**What the task requires**
The answer must be an exact copy of the lines from the one with "Triumph 500 Unit" through the final line of the records below, with no pictures.
--- --- ---
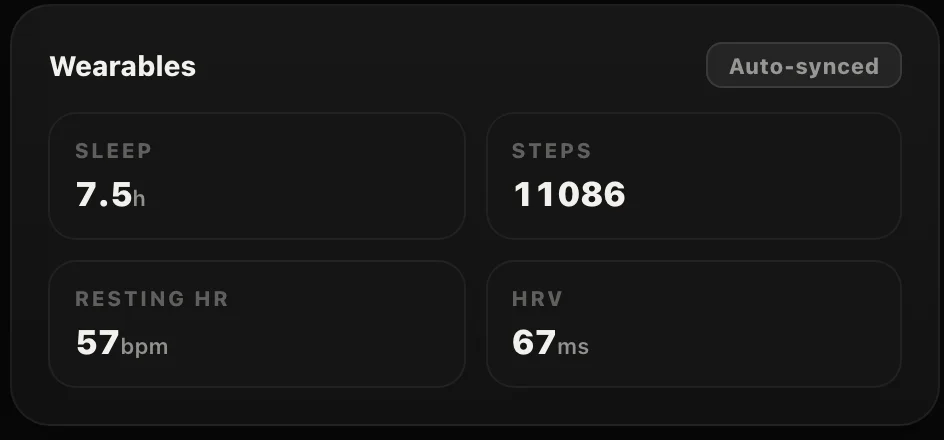 Client profile wearables panel, auto-synced: sleep 7.5 hours, 11,086 steps, resting heart rate 57, HRV 67 milliseconds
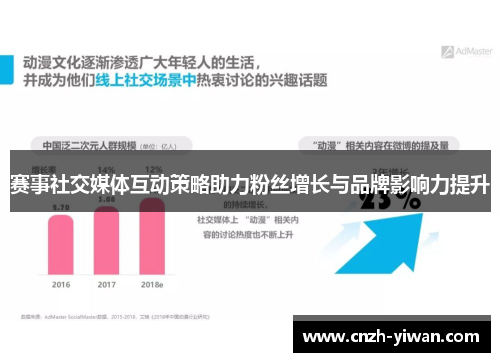 赛事社交媒体互动策略助力粉丝增长与品牌影响力提升 赛事社交媒体互动策略助力粉丝增长与品牌影响力提升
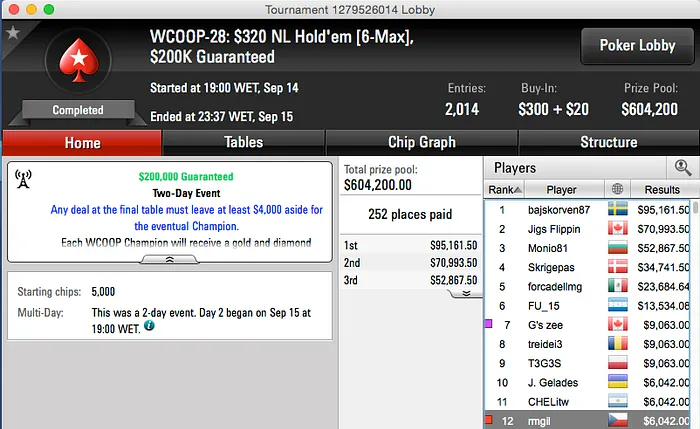 WCOOP: Gil Mendes 12º (k) no Evento#28 & RuiNF Avança ao Dia 2 do  #31 (35/58) 101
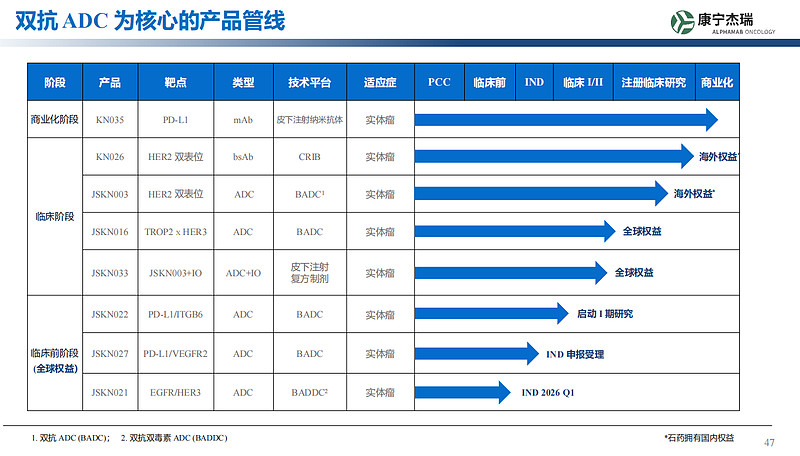 收获之年的2026年康宁杰瑞重点大事件 $康宁杰瑞制药-B(09966)$ 今天是康宁杰瑞的最后一个交易日,并且只交易半天时间,康宁杰瑞公司 ...
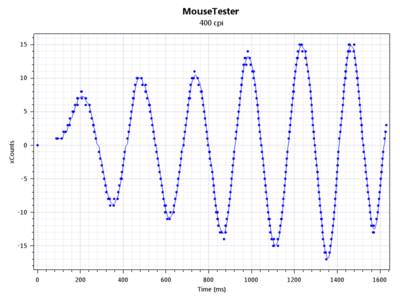 bloody_v3_mousetester.png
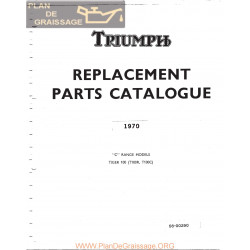 Triumph 500 Unit Twins Parts 1970 Book Export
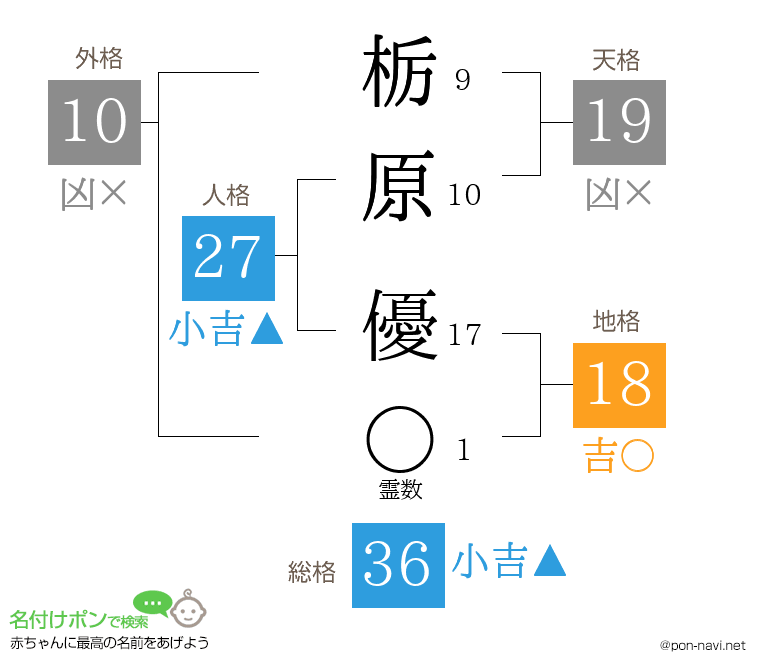 栃原 優さんの姓名判断結果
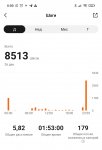 99676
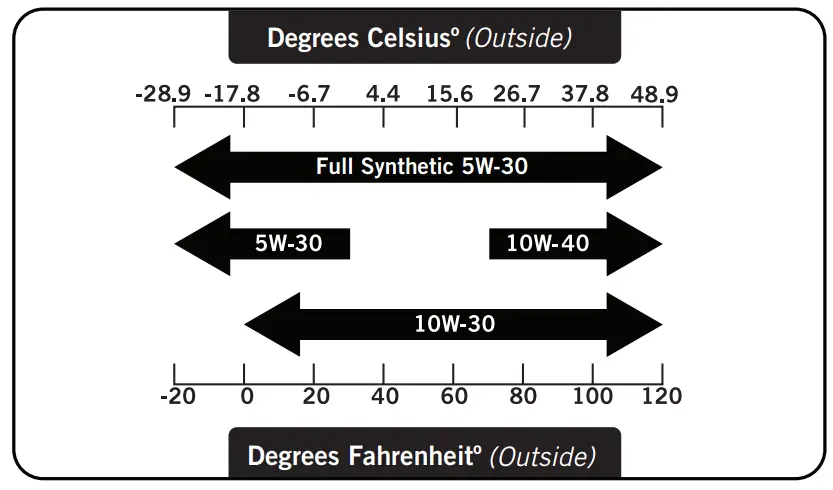 CHAMPION CPG3500E2 DF 2800W Dual Fuel Generator - Fig 1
--- --- ---
**Answer for the task**
 Triumph 500 Unit Twins Parts 1970 Book Export
 栃原 優さんの姓名判断結果
 99676
 CHAMPION CPG3500E2 DF 2800W Dual Fuel Generator - Fig 1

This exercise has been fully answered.